In March, when the little guy was around 3 months old, it was time for us to get out of the house. I joined a city program run by Toronto Public Health nurses. After the first session, I received what I perceived to be another sign. I started talking to one of the other moms and found out she was a writer and had just published her first book of poetry. Instantly, I got goosebumps and shared with her my desire to be a writer. Her words of advice for me were to take advantage of my time off from work…and write! We talked about the extreme tiredness of having a newborn, and how hard it is to combat it. Despite this, she insisted that time won’t wait. Even though it’s hard to stop and write down your ideas, you simply must. If you don’t, in the morning they’ll be forgotten. We talked about being sleep deprived, and wanting so badly to just…sleep, but instead it is imperative to indulge in the act of writing despite inevitably, losing more sleep because it’s so hard to stop once you’ve started. I was inspired. I was excited. And I kept on writing.
What am I writing though? I keep asking myself this question. Mostly, reflections. As a new mom, I find myself reflecting a lot on the process of becoming and being a mother.
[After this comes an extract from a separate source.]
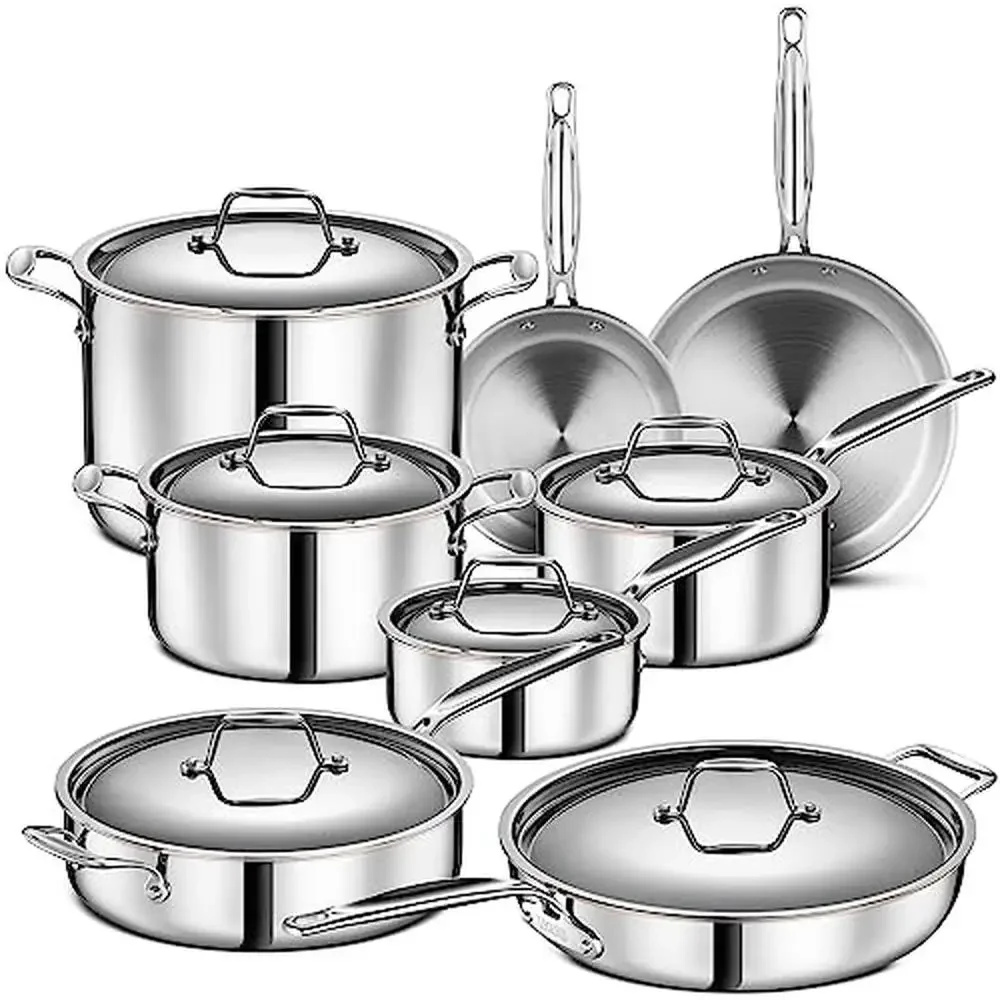 5-Ply Copper Core Stainless Steel Pots & Pans Set 14pc Professional Home Cooking Cookware Kit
I reflect a lot on my dreams and goals. I reflect a lot on my life experiences in general. And these reflections are great, for me… They help me keep everything in perspective. They help me maintain a balanced outlook not only on myself, but on the world and those around me, like my sweet boy. As mentioned earlier, a few weeks ago, I felt as though I was in a rut. I felt quite unmotivated and couldn’t muster the energy to write, anything. I felt like I wasn’t accomplishing what I’d set out to achieve in terms of my writing goals. This feeling has passed however, and six months into 2018, I look back and realize that I’ve written about 12 blogs so far. How can I feel down about that? At this halfway mark, in 2018, with only 12 more months to go of maternity leave, it’s important that I reevaluate my writing goals. I need to use my time effectively. I’m writing, great. But, what am I writing? What do I want to write? I already know the answer to that question. I want to write children’s stories…picture books…children’s literature.
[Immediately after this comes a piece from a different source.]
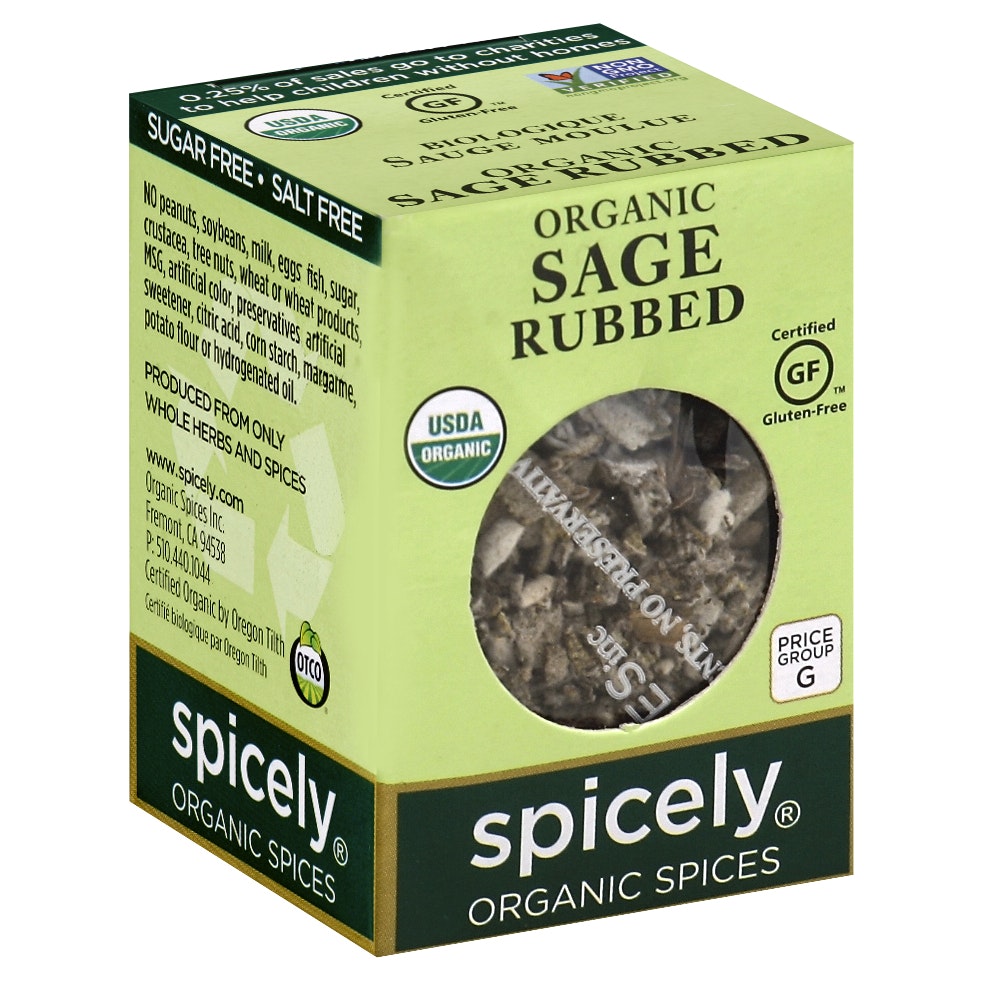 Spicely Organics Spice Sage Box 0.1 Oz (Pack of 6)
As a teacher of little ones, I read many amazing, impactful children’s stories, and have many ideas for my own. But for the life of me, I don’t know how to start. I don’t know how to approach turning my ideas into reality. I need help and starting today, I began Summer Writing School! I joined an intensive writing program for one week entirely focused on writing picture books. And while I’m sad to be away from my baby boy for the week, I am so excited to be really honing in on my writing goals. A goal that has plagued much of my being for many years.
I have other goals for 2018 as well. Like, getting my driver’s license so that I no longer have to be at the mercy of others and finishing up my Master’s Degree. But the writing, actually turning my ideas into tangible manuscripts and picture books excites me the most! I will continue to write my reflections and resolutions on my journey through mothering and writing. But more importantly, I’m going to write some children’s books! Momentum has started and I can’t allow it to stop.
What are some of your goals this year? Have you made any progress in achieving them? How have you kept yourself on task?